### DESCRIPTION OF THE TASK
Please find every line in the records below that contains the word "einer", and copy it.

- Opening Delimiter -

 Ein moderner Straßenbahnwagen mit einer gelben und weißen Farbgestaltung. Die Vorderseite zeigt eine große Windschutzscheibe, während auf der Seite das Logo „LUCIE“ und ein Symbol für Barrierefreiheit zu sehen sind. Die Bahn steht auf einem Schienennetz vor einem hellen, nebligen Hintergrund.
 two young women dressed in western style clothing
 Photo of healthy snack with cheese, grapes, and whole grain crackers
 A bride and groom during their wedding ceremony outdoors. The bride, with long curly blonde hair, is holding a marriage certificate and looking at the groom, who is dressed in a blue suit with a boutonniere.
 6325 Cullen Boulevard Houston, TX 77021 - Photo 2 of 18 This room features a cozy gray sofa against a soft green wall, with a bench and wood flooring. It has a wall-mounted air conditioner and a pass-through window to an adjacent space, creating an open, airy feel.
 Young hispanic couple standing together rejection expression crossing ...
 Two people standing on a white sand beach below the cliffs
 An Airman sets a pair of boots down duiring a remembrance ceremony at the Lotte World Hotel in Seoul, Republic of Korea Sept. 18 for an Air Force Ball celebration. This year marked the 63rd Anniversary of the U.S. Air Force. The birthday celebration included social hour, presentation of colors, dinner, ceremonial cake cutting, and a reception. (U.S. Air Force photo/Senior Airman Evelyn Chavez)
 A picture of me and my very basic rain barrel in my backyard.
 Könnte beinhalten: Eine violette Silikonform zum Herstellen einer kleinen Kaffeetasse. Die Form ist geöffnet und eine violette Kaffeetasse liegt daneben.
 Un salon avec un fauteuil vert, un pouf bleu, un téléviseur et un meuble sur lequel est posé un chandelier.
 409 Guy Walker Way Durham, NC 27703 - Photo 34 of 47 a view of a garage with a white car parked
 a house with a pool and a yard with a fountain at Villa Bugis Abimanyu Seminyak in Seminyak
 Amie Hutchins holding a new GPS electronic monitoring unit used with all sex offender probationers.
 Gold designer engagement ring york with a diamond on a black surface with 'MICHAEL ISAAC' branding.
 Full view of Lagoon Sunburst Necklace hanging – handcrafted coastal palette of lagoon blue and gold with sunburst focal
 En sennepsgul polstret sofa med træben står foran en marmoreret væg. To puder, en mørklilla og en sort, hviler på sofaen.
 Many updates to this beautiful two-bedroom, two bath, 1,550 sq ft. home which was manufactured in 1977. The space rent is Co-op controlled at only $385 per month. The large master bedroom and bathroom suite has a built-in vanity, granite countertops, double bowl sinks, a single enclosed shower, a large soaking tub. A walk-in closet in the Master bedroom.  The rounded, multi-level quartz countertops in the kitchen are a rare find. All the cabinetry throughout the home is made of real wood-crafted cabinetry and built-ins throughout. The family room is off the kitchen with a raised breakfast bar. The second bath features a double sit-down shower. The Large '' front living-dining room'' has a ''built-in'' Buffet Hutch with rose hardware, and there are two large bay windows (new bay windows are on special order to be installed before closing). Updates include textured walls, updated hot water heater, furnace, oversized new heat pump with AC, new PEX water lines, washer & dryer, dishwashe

- Closing Delimiter -

### SOLUTION FOR THIS EXERCISE
 Ein moderner Straßenbahnwagen mit einer gelben und weißen Farbgestaltung. Die Vorderseite zeigt eine große Windschutzscheibe, während auf der Seite das Logo „LUCIE“ und ein Symbol für Barrierefreiheit zu sehen sind. Die Bahn steht auf einem Schienennetz vor einem hellen, nebligen Hintergrund.
 Könnte beinhalten: Eine violette Silikonform zum Herstellen einer kleinen Kaffeetasse. Die Form ist geöffnet und eine violette Kaffeetasse liegt daneben.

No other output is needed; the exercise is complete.